*What the task requires*:
Print all the records below exactly as they stand, but leave out the pictures.

*Input for this task*:
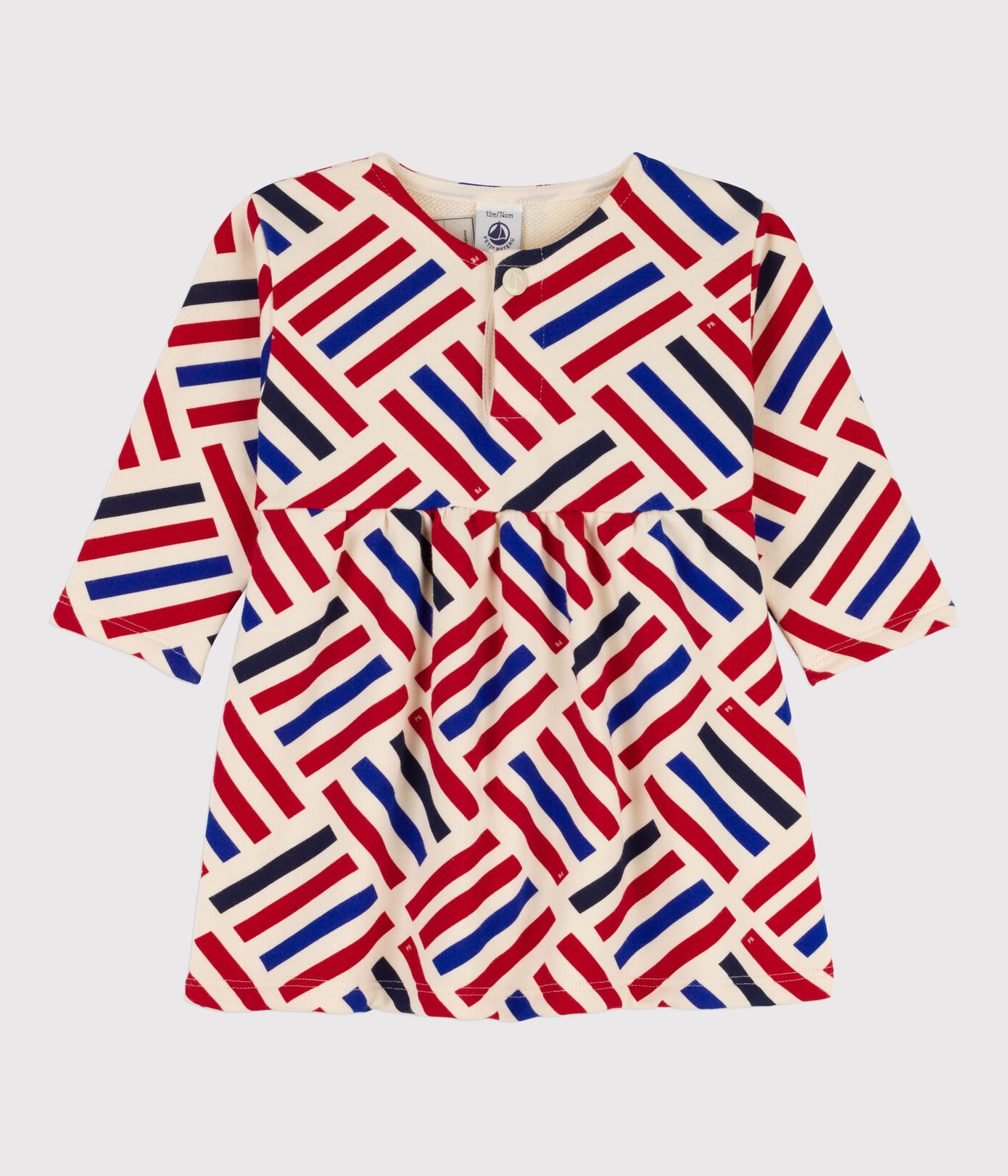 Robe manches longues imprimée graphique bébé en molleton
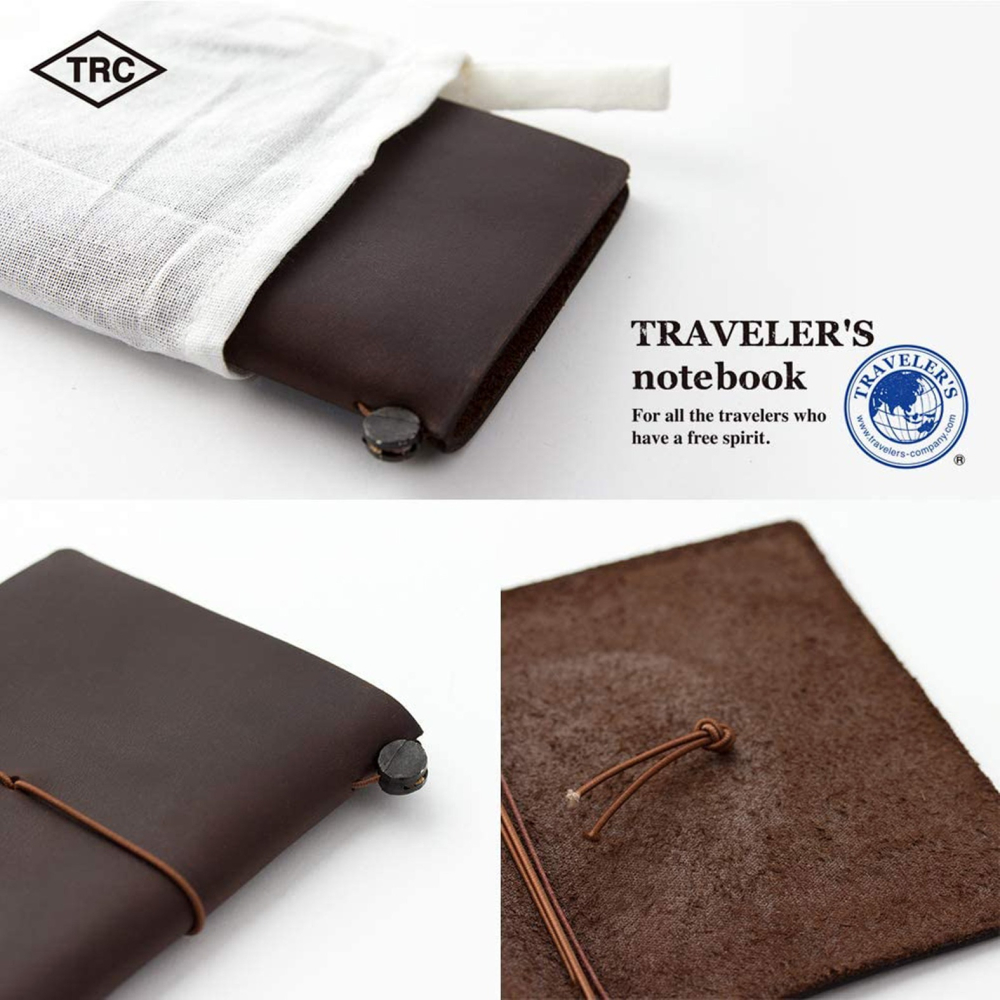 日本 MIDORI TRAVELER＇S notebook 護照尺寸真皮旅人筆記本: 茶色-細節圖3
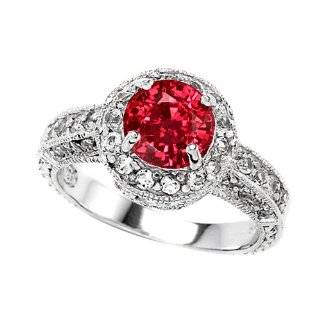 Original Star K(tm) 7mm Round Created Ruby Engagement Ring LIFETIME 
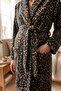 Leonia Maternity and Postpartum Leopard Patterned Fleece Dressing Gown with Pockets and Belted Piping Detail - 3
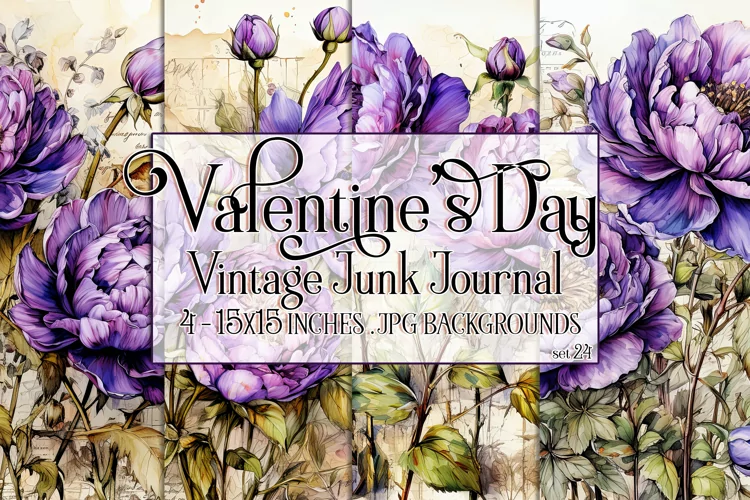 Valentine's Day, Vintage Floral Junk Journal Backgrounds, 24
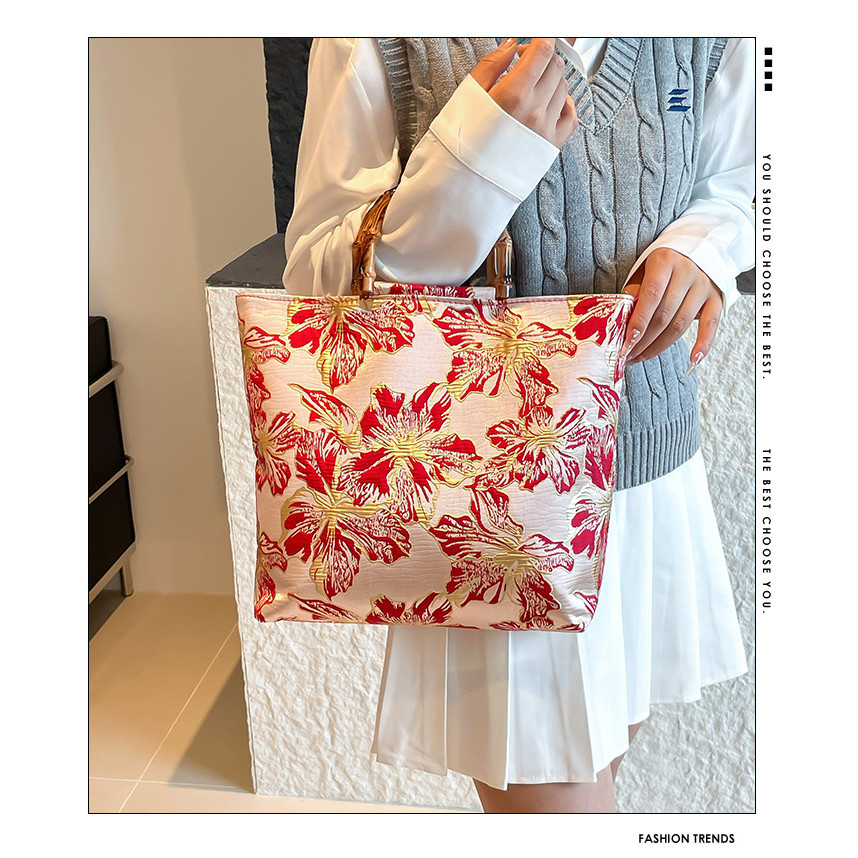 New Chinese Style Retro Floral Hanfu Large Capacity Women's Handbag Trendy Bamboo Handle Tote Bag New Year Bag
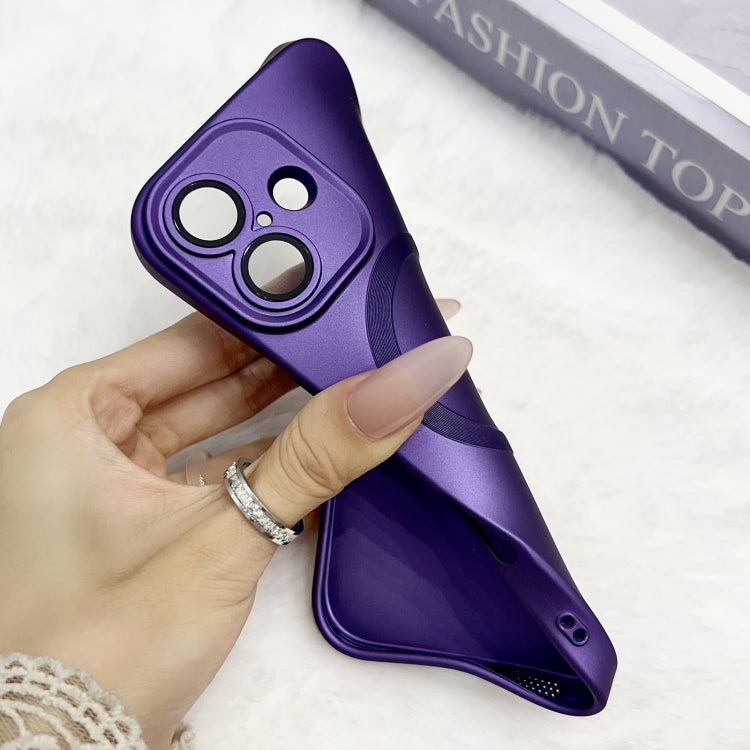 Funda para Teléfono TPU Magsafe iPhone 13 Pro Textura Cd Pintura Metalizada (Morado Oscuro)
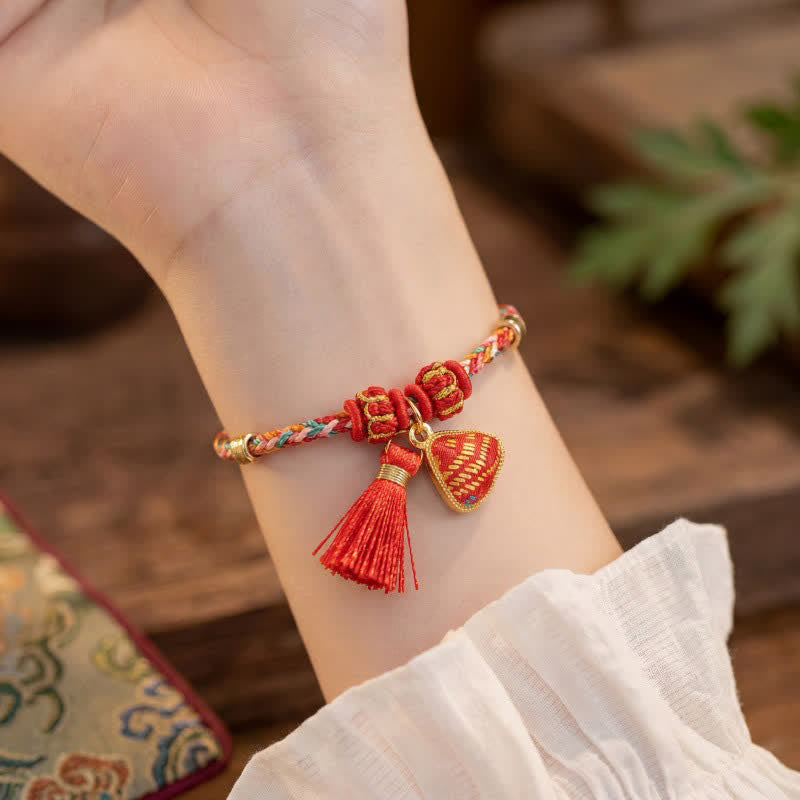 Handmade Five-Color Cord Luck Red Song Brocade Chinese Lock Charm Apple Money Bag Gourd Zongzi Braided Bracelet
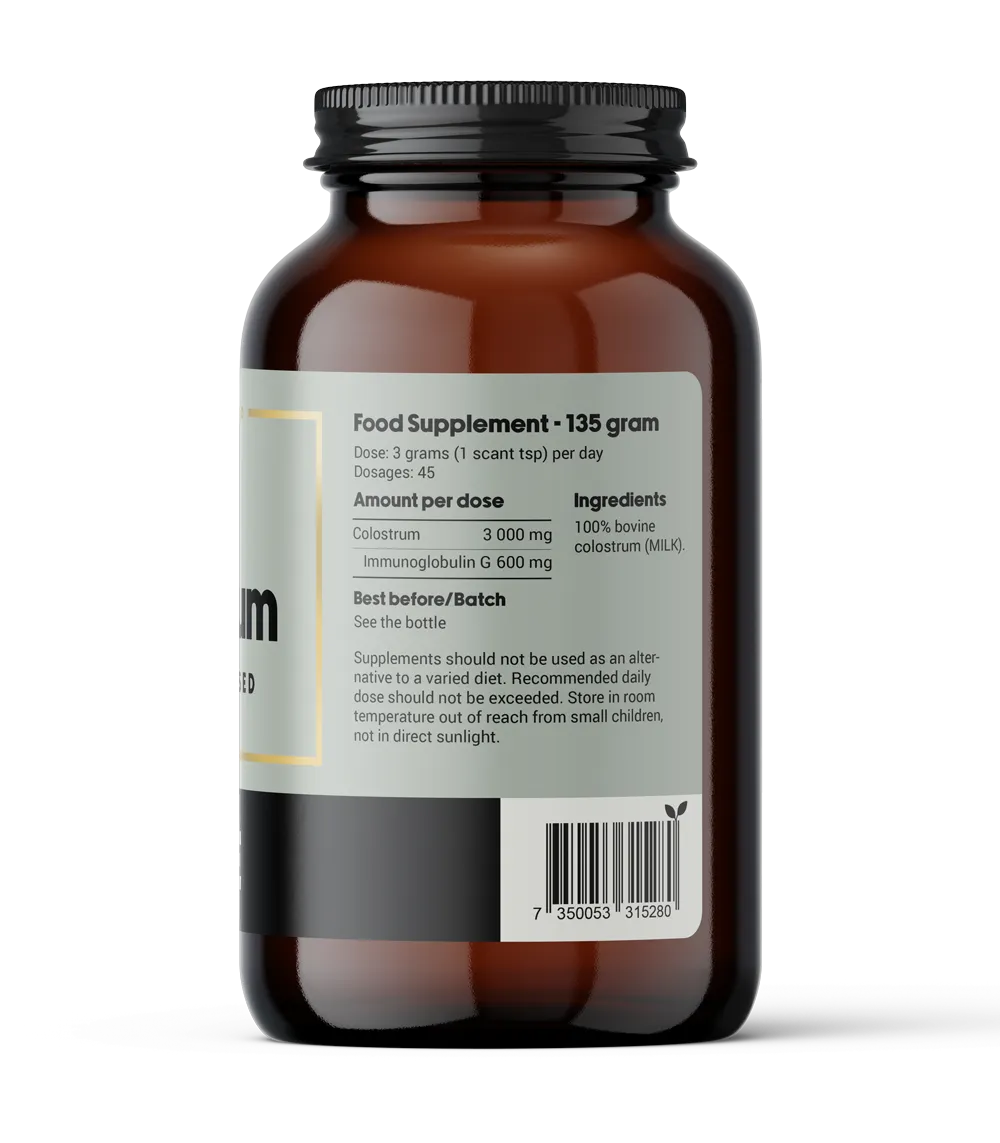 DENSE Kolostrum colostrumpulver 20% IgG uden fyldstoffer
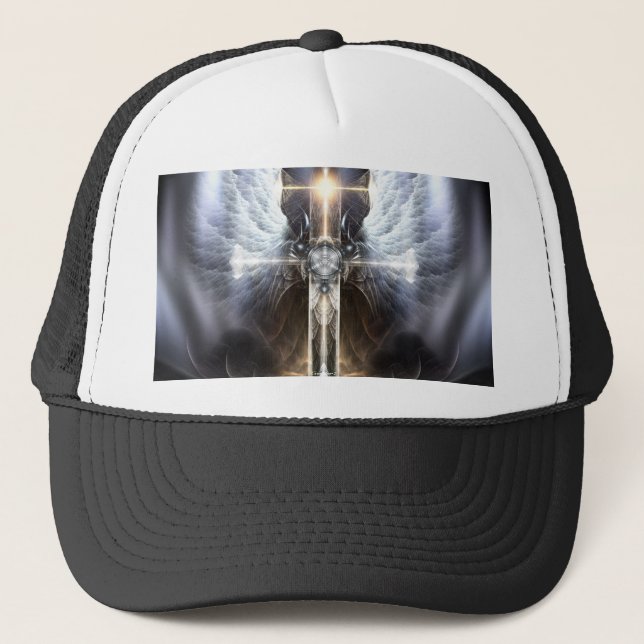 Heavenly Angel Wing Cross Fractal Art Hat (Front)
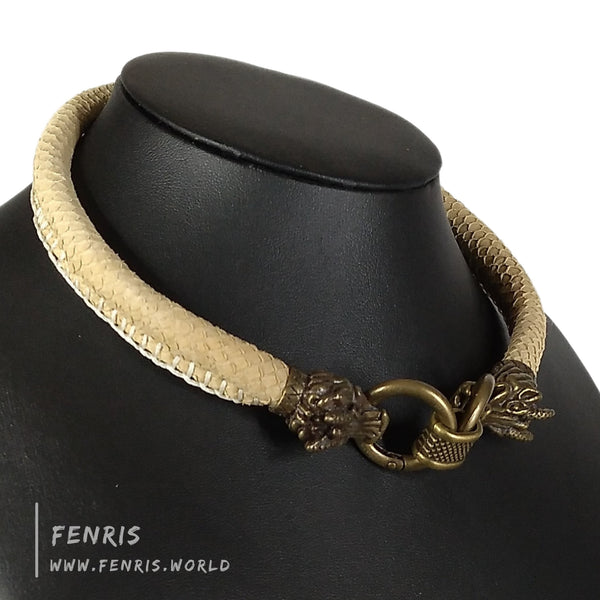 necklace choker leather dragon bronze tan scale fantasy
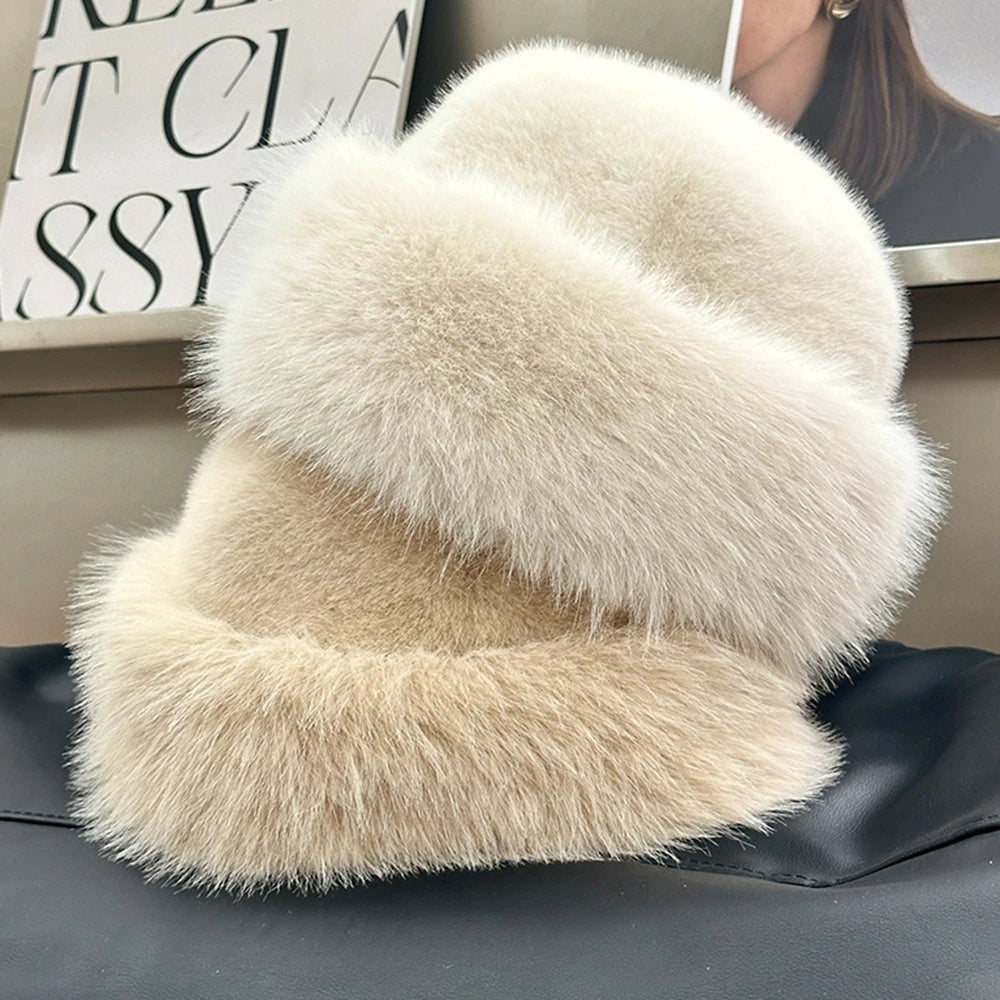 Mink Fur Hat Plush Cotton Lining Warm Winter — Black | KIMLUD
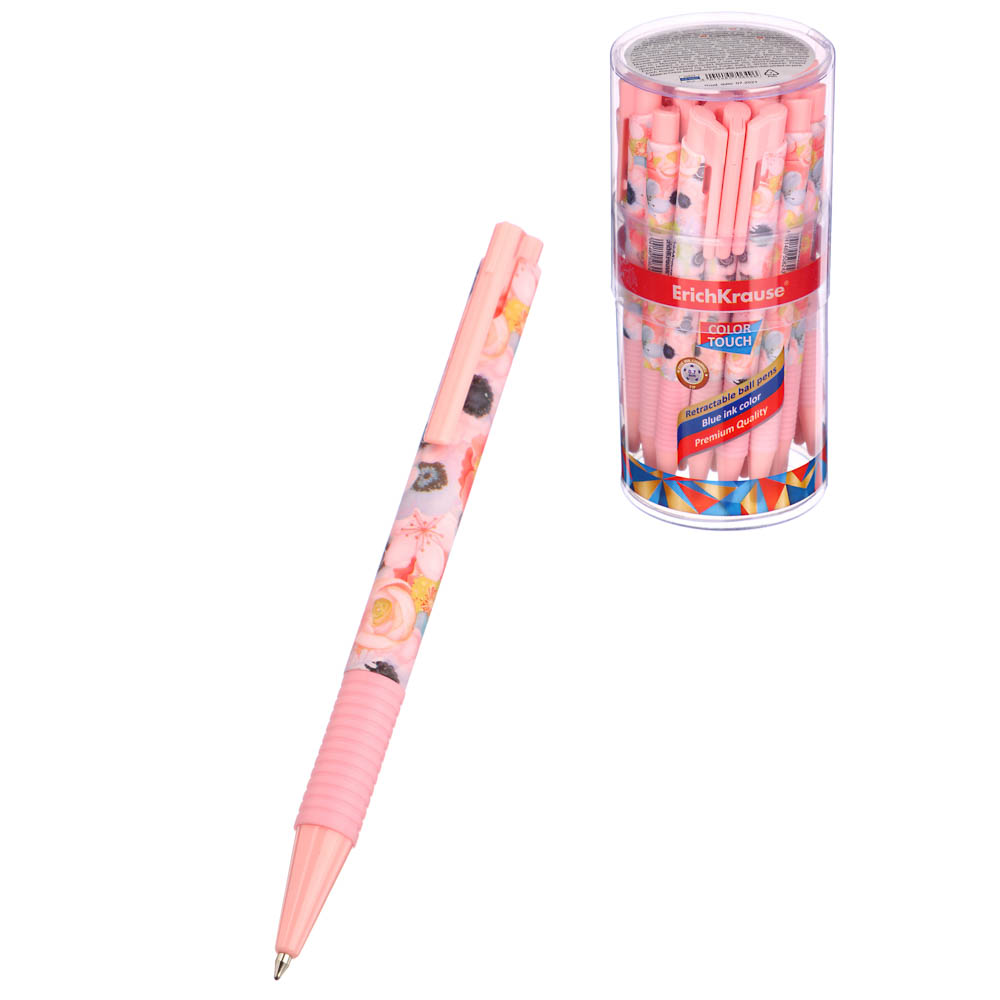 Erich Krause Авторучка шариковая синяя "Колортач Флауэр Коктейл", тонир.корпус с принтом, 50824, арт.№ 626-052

*Solution for this problem*:
 Robe manches longues imprimée graphique bébé en molleton
 日本 MIDORI TRAVELER＇S notebook 護照尺寸真皮旅人筆記本: 茶色-細節圖3
 Original Star K(tm) 7mm Round Created Ruby Engagement Ring LIFETIME 
 Leonia Maternity and Postpartum Leopard Patterned Fleece Dressing Gown with Pockets and Belted Piping Detail - 3
 Valentine's Day, Vintage Floral Junk Journal Backgrounds, 24
 New Chinese Style Retro Floral Hanfu Large Capacity Women's Handbag Trendy Bamboo Handle Tote Bag New Year Bag
 Funda para Teléfono TPU Magsafe iPhone 13 Pro Textura Cd Pintura Metalizada (Morado Oscuro)
 Handmade Five-Color Cord Luck Red Song Brocade Chinese Lock Charm Apple Money Bag Gourd Zongzi Braided Bracelet
 DENSE Kolostrum colostrumpulver 20% IgG uden fyldstoffer
 Heavenly Angel Wing Cross Fractal Art Hat (Front)
 necklace choker leather dragon bronze tan scale fantasy
 Mink Fur Hat Plush Cotton Lining Warm Winter — Black | KIMLUD
 Erich Krause Авторучка шариковая синяя "Колортач Флауэр Коктейл", тонир.корпус с принтом, 50824, арт.№ 626-052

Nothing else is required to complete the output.